I've thought like this once..
People who need to be on assistance life is shitty enough already. No one has walked in their particular shoes and who can tell what **** they are going through at that moment.
While I would hope that a person seeking help would be making all the right decision, it's possible that they are not at the time. They may seek out some moments of escape from their drudgery and we should not be judging them for that.
Instead, offer them help and hope they take it and recover.
I thought like other Democrats once upon a time; i.e. I assumed the best about people and I wouldn't allow myself to imagine that there are people who abuse privileges, including the privilege of public assistance.

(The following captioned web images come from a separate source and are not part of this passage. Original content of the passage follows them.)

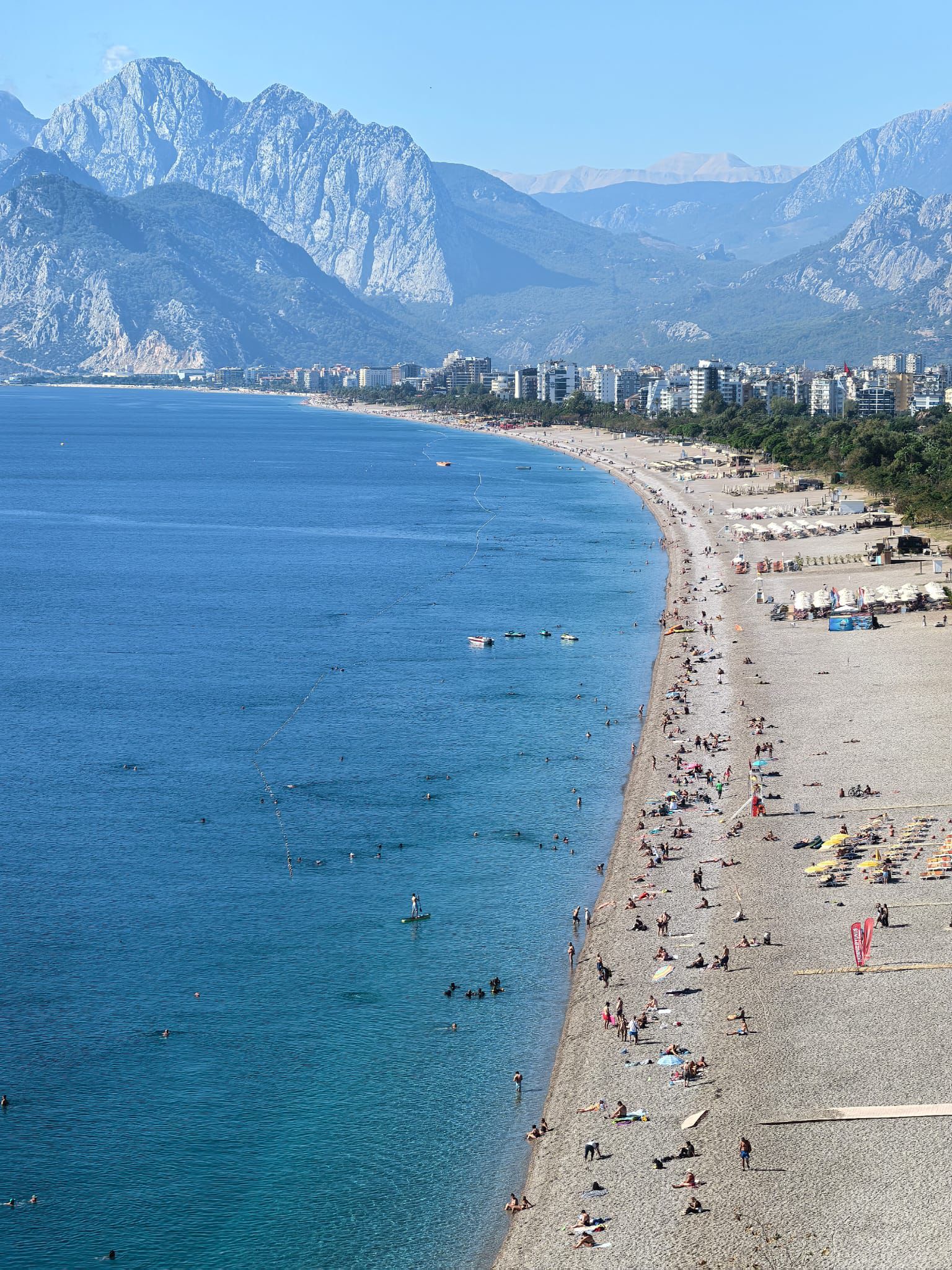 WhatsApp Görsel 2025-12-05 saat 20.48.17_696b48ba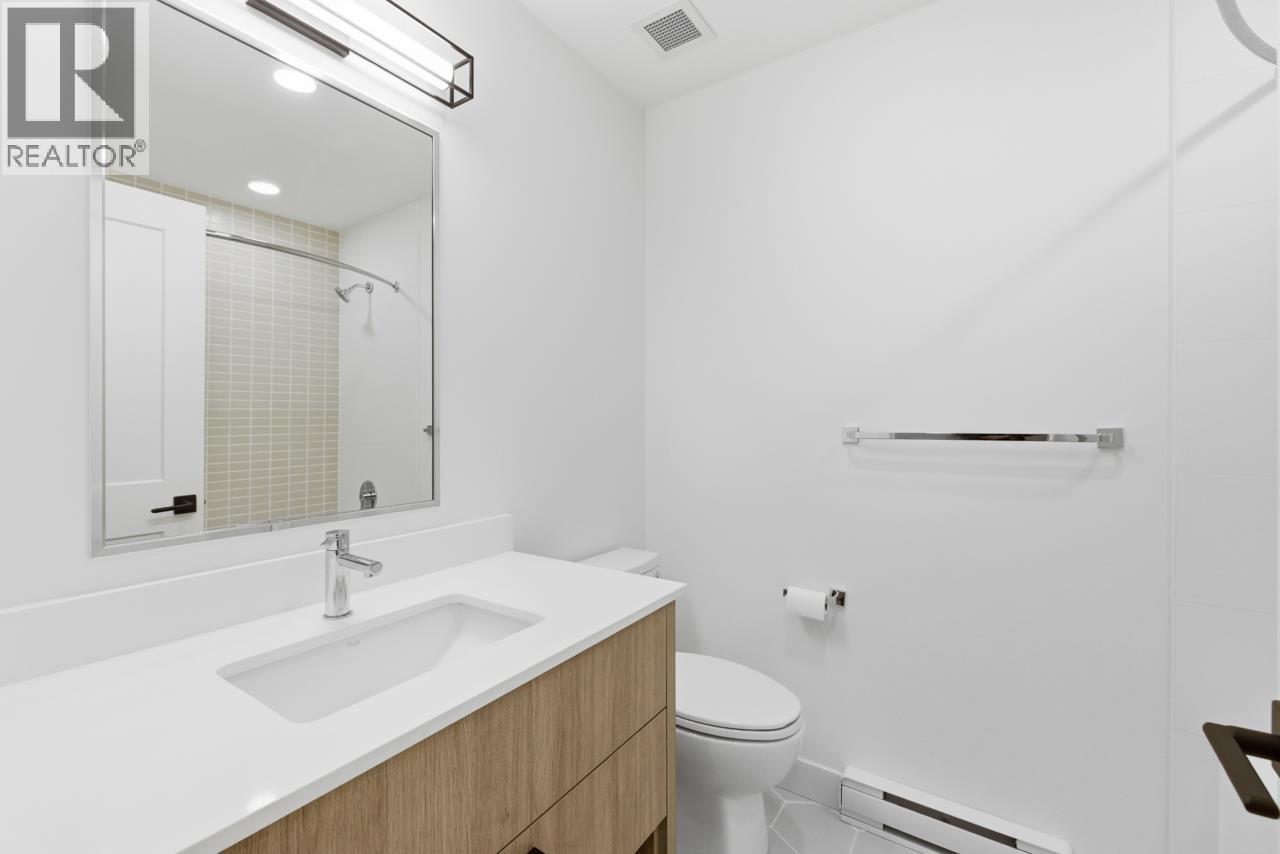 202 720 Robinson Street, Coquitlam, British Columbia  V3J 0P9 - Photo 23 - R3113156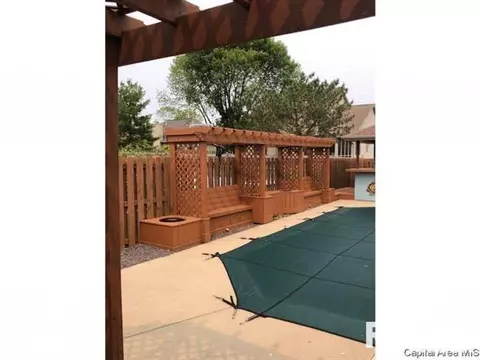 3196 Otter Ln, Springfield, IL 62712 photo 3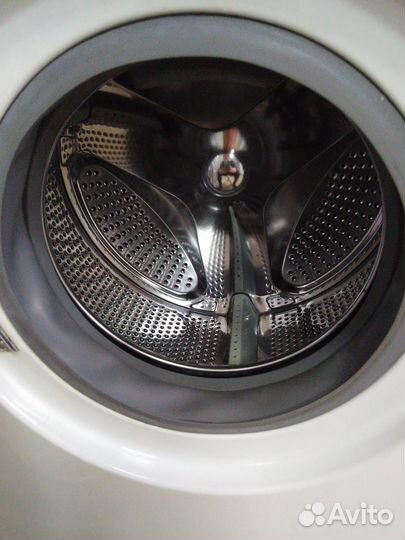 Стиральная машинка samsung бу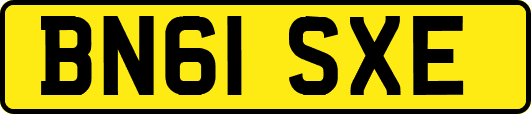BN61SXE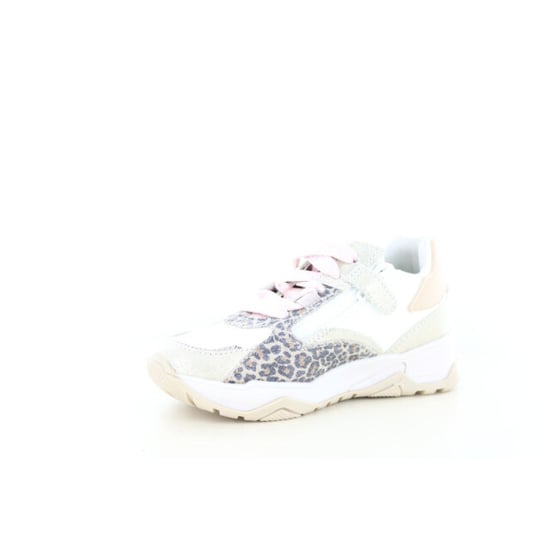 Bunnies Jr. 226220-994 meisjes sneakers - Image 2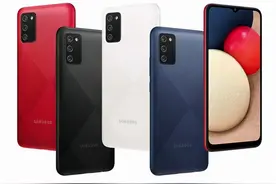 vivo 也要造「贴牌」机，大厂都青睐的 ODM 一点也不 low图片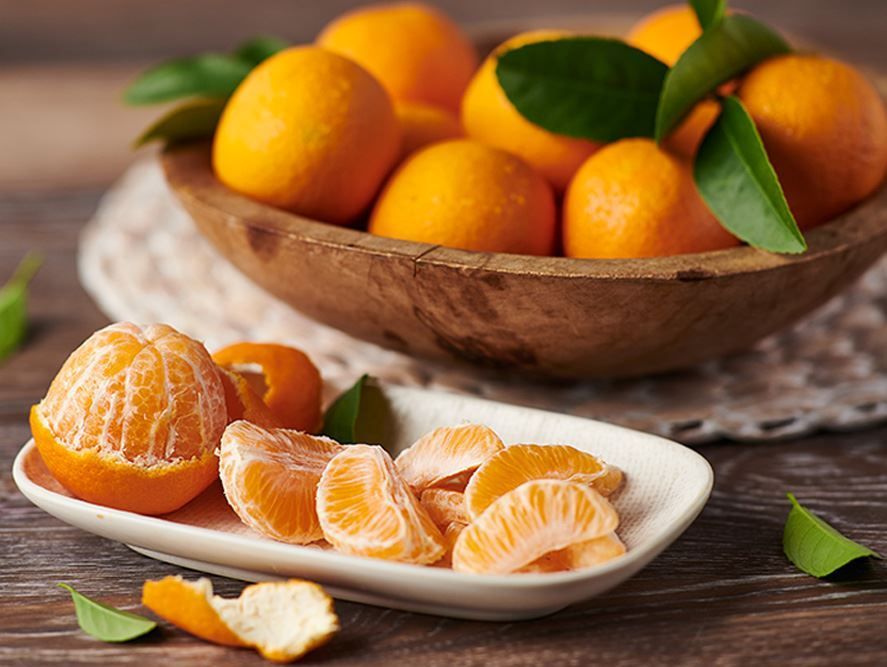 39emwdgmivbqm 39emwdgmivbqm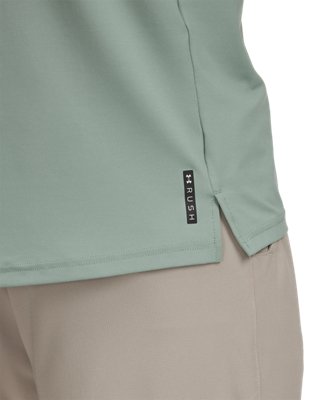 UA 배니시 에너지 image number 2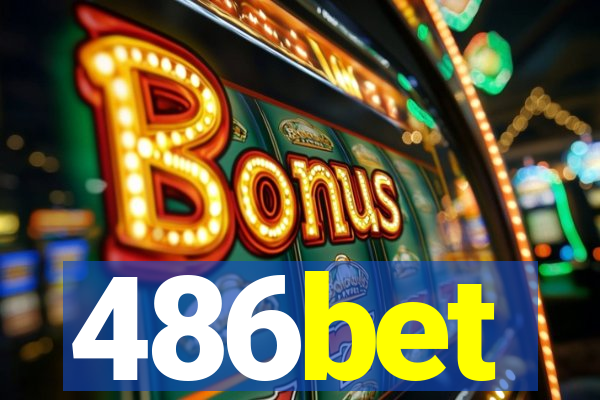 486bet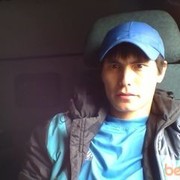  ,   , 36 ,   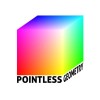 @Pointless_Geometry@mastodon.social avatar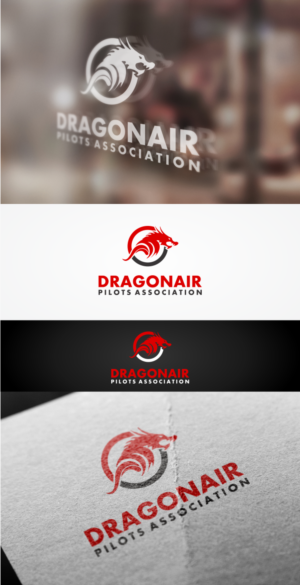 Logo Design by nchid for this project | Design #7756412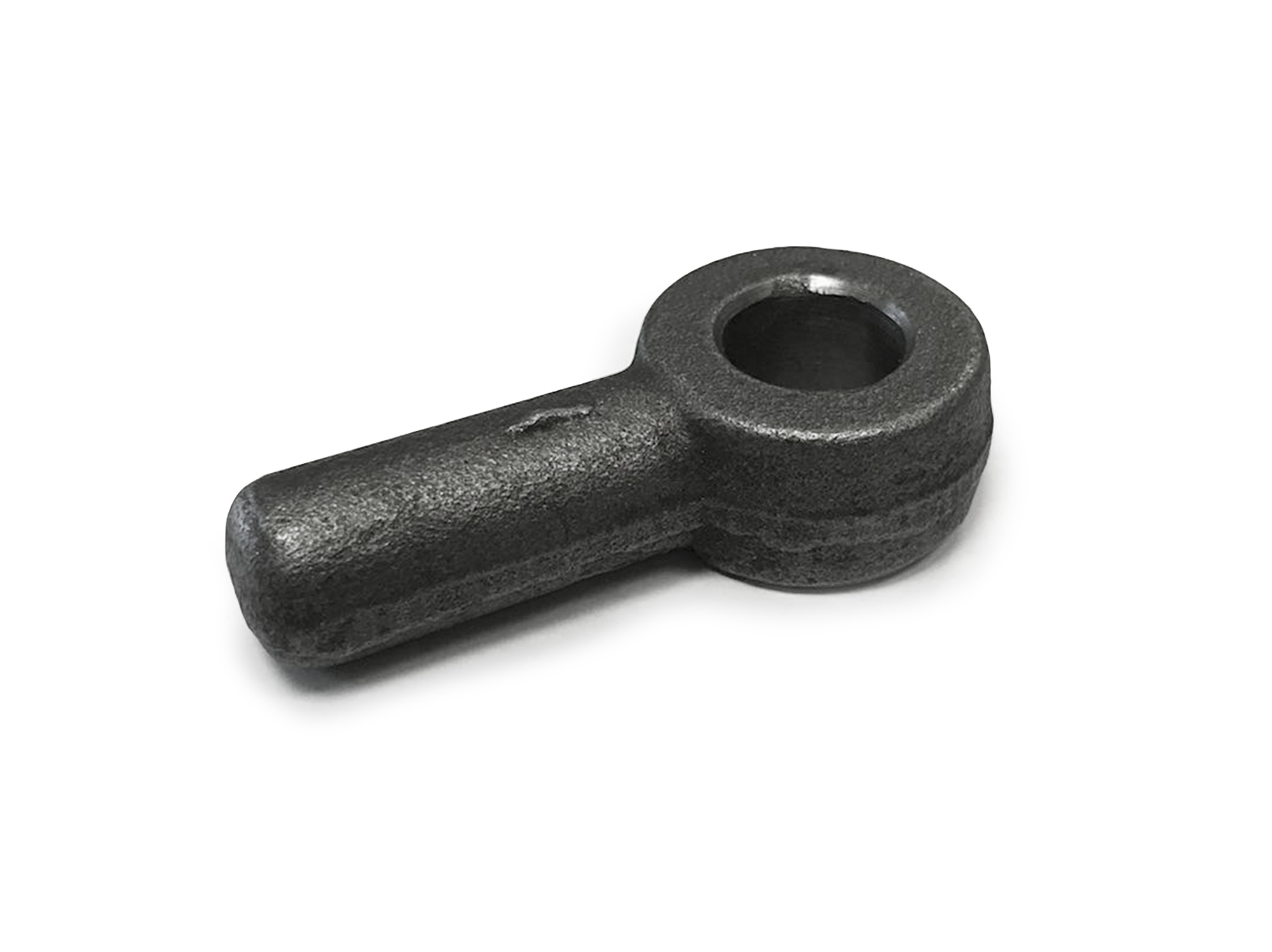2827 — Eye Rod Ends photo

I think it's because of racism, sexism, and classism that we're afraid to see bad where it occurs. We think that if we see bad in someone who identifies with an oppressed category, we are being racist/sexist/classist by seeing them doing bad at the individual level. For anything that a minority is stereotyped for, there are non-minorities who do the same thing. If people are afraid to criticize minority drug use/dealing, they are ignoring that white/male/rich people do it as well and that the people who use/deal drugs are victims of exploitation as much as they are perpetrators. Every abuser must also be a victim somehow or else how would they have learned to abuse others?
You may be right that people have it rough and deserve a break if they're hungry, but people also deserve to have institutional pressures that stimulate them and others to accept discipline and benefit from it. If your parents never told you to stop being lazy and do your homework, you might have gone through life avoiding all forms of work and making excuses for it. It was only because they got you to accept the discipline that you were able to grow stronger as a person.
Tough love is real love when the motivation is truly to help people help themselves. It's different when you just hate people and call it 'tough love' as an excuse to abuse them. Then again, though, I think it was Chelsea Handler who said that children of abusive alcoholics often come out great; meaning that even though it might not have been the abusive parent's intention to do right by their child when they were drunk/abusive, it still ultimately can have a positive effect on the person, if only to stimulate them to discipline themselves against being like their parent.
Whatever the case, we need to recognize that all people deserve freedom from drugs and crime. Yes, it takes discipline to give up drug use and drug dealing, because one is easy pleasure while the other is easy money; but ultimately it is better for individuals, families, and communities. Why do so many people deny that?